Peut-être aussi parce que cette promesse est ici respectée dans une raisonnable mesure, et que si je ne trouve aucune vérisimilitude dans la façon dont sont dépeint les évènements autour desquels le script s'articule, celui-ci en suit le déroulement réel avec une apparente religiosité.

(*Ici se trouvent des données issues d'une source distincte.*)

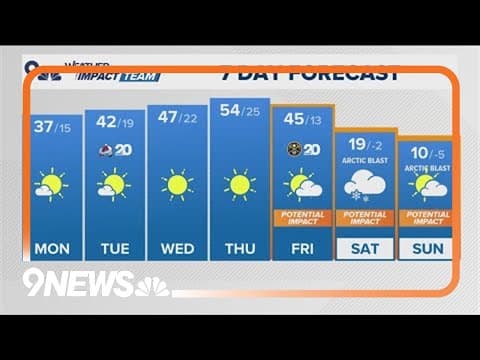 Weather update | Warming the next couple of days before arctic blast sweeps into Colorado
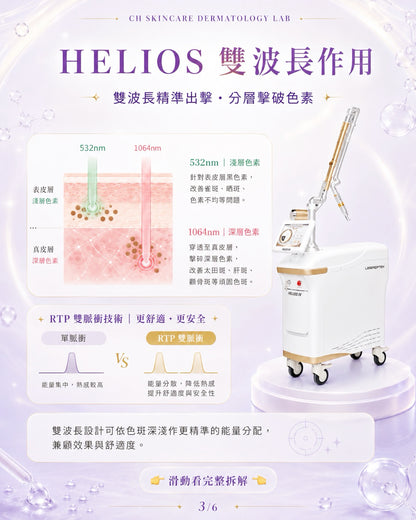 Trium Helios Laser Facial Treatment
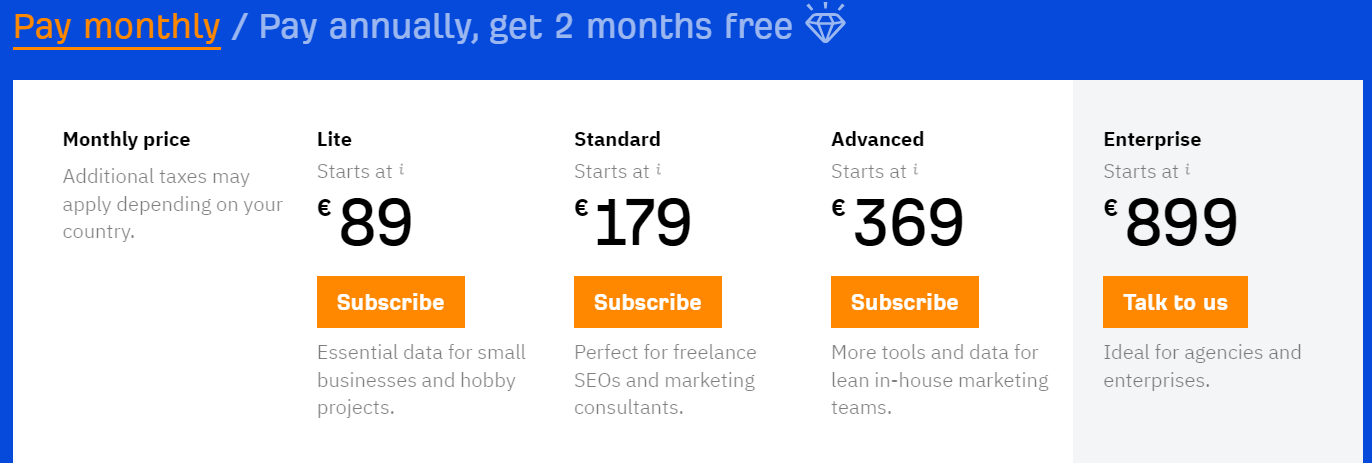 ahrefs pricing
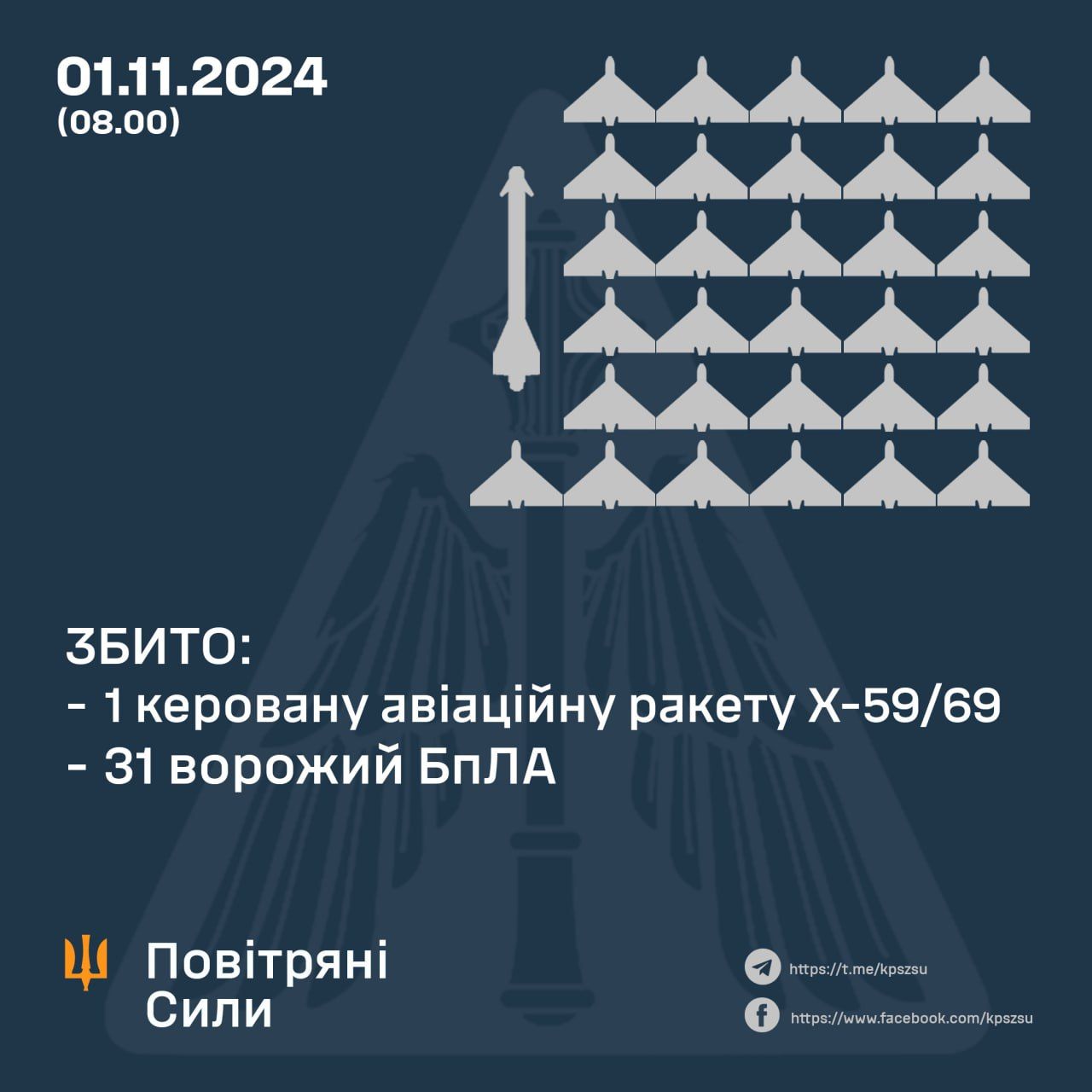 Россия ночью атаковала Украину ракетами и "шахедами": сколько сбила ПВО 1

Ou peut-être encore parce que le style naturaliste de Lumet et ses talents de direction d'acteurs contribuent à donner un cachet authentique à cet étalage crade et bruyant de ce que l'on peut voir et imaginer de pire chez l'être humain, et où rien ni personne n'est à sauver : Les policiers sont incompétents et dangereusement maladroits, la foule est naturellement d'une bêtise et naïveté crasse, puis tout simplement vulgaire, le journaliste interviewer est un idiot, les femmes du personnel bancaire sont toute plus ou moins des cruches, Sal sait à peine prononcer des voyelles et au milieu de ce marasme, le seul personnage qui ait été quelque-peu héroïsé et rendu sympathique, Wojtowicz, est celui qui, dans la réalité, était probablement le plus crétin de toute l'avenue (archives de documentaires et entretiens depuis le dépeignent comme un idiot et un pervers notoire).
Ainsi, le script nivelle plus ou moins tous les pions intervenant dans cette pantomime délirante au même degré d'humanité et de sens commun, mais en quelles fins ? Pour humaniser, encore une fois, les truands en désespérés dans un contexte de crise (là encore, le personnage réel ne colle en rien à cette étiquette, ce qui est dérangeant à plus d'un égard) ? Pour taper, encore une fois, sur les médias voyeurs (un exercice toujours hypocrite au cinéma, il faudrait un jour s'en rendre compte) ? Pour dénoncer la maladresse des institutions dans le traitement de crise ? Ou tout simplement pour dépeindre le portrait au vitriol d'une Amérique à vomir, où plus rien n'est vraiment à sauver ?
C'est peut-être plus que tout autre chose cette ambiguïté dans la finalité du propos qui fait de ces deux heures de cris, de sueurs et de discours incohérents et agités d'un Pacino qui cabotine un spectacle véritablement désagréable.